Sólo un liberalismo que recupere su capacidad autocrítica y emancipatoria podrá encarar esta situación de cambio de mentalidades a las que se enfrenta la humanidad. Un liberalismo inconformista y hete­rodoxo, que blanda un racionalismo crítico como el de Spinoza y que defienda el diálogo y la empatía si quiere liderar otra centralidad política desde la que dar respuesta a las incertidumbres de nuestro tiempo. En fin, un liberalismo humanista que actualice la mentalidad que encarnaron autores fronterizos como Popper, Berlin, Aron, Dahrendorf, Rawls, Dworkin o Raz. Todos ellos, por cierto, instalados dentro de ese supuesto consenso socialdemócrata que tanto denosta el neoliberalismo. Pre­tender que las ideas desarrolladas bajo el impulso del siglo de revoluciones atlán­ticas que va de 1689 a 1789 siguen siendo vigentes y eficaces para resolver el desempleo tecnológico, la alteridad maquínica, la ­falta de regulación ética de la inteligencia artificial o cómo desarrollar políticas públicas que reduzcan la huella de carbono o la trazabilidad alimentaria dentro de la revolución verde es vivir dentro de una preocupante burbuja de insuficiencia analítica.

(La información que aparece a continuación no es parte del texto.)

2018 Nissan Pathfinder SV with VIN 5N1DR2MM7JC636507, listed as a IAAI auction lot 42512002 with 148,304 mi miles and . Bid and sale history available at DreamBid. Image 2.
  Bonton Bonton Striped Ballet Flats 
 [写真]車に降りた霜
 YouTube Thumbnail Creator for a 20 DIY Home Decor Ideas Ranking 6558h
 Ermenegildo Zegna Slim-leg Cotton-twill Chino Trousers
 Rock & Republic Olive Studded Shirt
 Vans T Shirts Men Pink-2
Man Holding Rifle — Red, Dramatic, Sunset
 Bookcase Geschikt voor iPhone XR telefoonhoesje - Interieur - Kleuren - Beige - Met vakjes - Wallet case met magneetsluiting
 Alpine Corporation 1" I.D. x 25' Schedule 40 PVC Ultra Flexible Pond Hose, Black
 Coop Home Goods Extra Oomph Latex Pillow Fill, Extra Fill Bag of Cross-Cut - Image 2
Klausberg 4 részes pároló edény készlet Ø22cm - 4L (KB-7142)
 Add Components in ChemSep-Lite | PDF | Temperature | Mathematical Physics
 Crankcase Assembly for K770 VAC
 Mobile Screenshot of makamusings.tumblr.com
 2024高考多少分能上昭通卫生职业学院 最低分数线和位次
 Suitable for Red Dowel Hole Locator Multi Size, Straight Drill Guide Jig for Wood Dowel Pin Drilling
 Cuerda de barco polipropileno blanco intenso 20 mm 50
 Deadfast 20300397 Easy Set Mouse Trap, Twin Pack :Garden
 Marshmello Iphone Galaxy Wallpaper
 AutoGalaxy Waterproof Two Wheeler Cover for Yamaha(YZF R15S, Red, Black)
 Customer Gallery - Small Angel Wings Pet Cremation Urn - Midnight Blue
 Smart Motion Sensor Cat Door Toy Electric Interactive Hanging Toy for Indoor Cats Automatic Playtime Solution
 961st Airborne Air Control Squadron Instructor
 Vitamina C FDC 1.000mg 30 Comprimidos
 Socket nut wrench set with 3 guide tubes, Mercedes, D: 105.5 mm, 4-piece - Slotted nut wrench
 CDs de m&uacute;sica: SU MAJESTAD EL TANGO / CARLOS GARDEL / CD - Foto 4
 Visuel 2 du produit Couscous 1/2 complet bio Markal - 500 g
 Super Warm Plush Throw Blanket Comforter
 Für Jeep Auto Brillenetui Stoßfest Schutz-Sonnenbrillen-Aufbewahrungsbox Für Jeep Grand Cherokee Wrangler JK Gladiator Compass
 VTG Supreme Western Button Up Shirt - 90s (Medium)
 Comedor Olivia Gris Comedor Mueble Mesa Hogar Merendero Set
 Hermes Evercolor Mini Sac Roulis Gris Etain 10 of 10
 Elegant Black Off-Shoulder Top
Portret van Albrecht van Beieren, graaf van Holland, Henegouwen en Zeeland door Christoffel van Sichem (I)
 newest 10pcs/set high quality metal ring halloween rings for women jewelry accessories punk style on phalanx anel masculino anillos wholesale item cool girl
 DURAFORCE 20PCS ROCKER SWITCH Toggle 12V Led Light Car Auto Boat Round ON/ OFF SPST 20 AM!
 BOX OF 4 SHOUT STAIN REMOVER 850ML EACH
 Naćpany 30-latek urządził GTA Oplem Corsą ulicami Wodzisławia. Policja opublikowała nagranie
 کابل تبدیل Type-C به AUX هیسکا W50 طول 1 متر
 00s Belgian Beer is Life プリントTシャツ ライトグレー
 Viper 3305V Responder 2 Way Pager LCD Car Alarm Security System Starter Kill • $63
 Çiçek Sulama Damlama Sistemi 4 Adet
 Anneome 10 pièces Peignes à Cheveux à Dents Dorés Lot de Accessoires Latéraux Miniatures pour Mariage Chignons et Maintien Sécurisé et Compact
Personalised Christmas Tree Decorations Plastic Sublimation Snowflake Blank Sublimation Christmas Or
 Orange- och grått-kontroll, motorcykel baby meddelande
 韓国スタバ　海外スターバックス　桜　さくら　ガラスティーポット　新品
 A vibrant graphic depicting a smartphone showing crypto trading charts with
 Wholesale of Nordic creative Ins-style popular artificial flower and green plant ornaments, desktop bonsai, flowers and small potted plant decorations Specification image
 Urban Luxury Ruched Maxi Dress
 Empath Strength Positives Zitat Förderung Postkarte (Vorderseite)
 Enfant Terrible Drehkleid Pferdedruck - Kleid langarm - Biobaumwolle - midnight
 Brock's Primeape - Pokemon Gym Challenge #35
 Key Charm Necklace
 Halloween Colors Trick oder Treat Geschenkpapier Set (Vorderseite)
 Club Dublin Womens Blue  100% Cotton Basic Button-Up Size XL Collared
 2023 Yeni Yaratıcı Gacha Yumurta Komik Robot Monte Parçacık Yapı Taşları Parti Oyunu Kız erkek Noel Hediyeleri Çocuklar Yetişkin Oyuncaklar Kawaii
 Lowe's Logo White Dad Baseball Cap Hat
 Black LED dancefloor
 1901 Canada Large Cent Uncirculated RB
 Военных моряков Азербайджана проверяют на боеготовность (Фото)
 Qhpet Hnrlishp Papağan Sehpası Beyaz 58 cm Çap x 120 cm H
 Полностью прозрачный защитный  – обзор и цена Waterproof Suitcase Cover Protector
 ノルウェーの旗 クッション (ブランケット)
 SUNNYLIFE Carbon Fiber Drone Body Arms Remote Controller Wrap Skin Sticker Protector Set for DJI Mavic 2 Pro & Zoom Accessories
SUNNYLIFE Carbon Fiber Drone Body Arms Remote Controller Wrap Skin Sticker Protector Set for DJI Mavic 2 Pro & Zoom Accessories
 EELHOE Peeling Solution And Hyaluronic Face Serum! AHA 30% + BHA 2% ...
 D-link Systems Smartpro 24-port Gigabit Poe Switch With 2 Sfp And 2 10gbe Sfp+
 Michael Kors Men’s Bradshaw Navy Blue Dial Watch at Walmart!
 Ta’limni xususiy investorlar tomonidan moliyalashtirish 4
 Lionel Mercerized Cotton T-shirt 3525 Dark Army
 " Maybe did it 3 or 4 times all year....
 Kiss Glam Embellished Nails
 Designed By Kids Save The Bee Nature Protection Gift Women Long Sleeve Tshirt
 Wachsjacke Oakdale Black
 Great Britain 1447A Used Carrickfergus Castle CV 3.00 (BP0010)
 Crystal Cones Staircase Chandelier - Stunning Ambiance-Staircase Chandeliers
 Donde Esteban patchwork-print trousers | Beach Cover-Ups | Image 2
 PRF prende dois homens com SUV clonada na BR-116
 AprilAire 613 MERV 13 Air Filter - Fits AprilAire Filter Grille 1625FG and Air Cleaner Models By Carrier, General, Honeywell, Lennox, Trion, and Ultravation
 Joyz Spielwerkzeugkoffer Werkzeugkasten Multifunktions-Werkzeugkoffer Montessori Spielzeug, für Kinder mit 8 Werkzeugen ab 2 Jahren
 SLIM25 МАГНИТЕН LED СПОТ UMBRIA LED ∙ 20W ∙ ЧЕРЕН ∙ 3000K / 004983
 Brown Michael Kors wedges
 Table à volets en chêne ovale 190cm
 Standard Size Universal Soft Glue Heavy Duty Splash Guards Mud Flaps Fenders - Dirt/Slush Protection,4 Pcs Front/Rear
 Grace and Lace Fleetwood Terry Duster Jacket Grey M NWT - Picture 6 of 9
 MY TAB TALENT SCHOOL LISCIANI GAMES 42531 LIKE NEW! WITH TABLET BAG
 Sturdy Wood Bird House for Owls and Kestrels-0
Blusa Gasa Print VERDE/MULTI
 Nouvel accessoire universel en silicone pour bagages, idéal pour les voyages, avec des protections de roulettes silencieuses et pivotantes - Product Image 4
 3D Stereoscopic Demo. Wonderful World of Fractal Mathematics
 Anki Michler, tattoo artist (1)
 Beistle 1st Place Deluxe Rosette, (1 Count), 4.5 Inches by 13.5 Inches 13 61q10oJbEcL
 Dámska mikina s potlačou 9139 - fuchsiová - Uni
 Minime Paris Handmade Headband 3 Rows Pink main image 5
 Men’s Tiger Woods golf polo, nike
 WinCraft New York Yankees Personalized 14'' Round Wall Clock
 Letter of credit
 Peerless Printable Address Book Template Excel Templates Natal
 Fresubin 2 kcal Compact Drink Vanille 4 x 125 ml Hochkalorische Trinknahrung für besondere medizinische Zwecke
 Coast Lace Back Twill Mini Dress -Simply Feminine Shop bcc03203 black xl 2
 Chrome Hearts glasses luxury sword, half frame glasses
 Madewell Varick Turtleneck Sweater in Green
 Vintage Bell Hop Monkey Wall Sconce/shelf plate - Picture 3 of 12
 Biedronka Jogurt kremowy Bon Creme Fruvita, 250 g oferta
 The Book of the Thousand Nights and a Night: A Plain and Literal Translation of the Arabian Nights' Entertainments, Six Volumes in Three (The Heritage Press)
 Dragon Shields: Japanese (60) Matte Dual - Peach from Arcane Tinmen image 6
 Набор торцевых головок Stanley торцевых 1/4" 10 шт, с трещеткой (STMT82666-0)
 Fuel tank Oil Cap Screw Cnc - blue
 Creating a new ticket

Entre otras cosas, porque para ser eficaz en la batalla intelectual que hay que librar frente al populismo, antes hay que acertar en el diagnóstico de cuáles son las causas que han provocado su apa­rición. Una tarea esta que no admite aná­lisis simplistas ni binarios, sino complejos y sutiles. De lo contrario, el momento autoritario al que las democracias liberales van a tener que enfrentarse en el futuro puede tener el peor de los balances: el éxito irresistible de la dictadura.